Stephen D. Wrage

Stephen Wrage is a commentator on international affairs

His latest book is Spirits Talking: Thomas Jefferson, John Adams and Abigail Adams Argue Right and Wrong in the Affairs of States, published by Paradigm Press.

It is a set of dialogues laying out three theoretical perspectives on issues in ethics and international affairs. In 2016, he will publish The Politics and Strategy of No-Fly Zones with Ashgate.

Dr. Wrage earned his B.A. in Classics in 1974 at Amherst College. On graduating, he went to Athens for two years where he taught at Athens College, a school for Greek students.

Returning to the U.S. he taught at St. Albans School in Washington, worked at the Brookings Institution for Mr. Helmut Sonnefeldt and attended the Johns Hopkins School of Advanced International Studies.

In 2004, he published Immaculate Warfare, a study of the ethical, practical and command issues raised by precision guided munitions.

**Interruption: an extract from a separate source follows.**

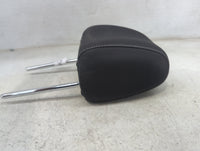 2013-2015 Ford Escape Headrest Head Rest Front Driver Seat Black 1470671 - Oemusedautoparts1.com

In 1995, he spent a Fulbright year teaching at the National University of Singapore.

He has written about that severely controlled society for The Washington Post, The Los Angeles Times, The Asian Wall Street Journal and The Atlantic Monthly.

In 1991, he held a Pew Faculty Fellowship in International Affairs at the Kennedy School of Government.

Beginning in 1980, he served as assistant dean of the School of Foreign Service at Georgetown University and wrote his dissertation — a study of human rights in American foreign policy — at Johns Hopkins under the direction of Dr. Robert Osgood.

He has published scholarly articles and books on a variety of topics in ethics and American foreign policy and is the author of a number of widely used case studies of actual ethical quandaries experienced by officers in the American military.

Dr. Wrage is an open ocean sailor and brews his own beer.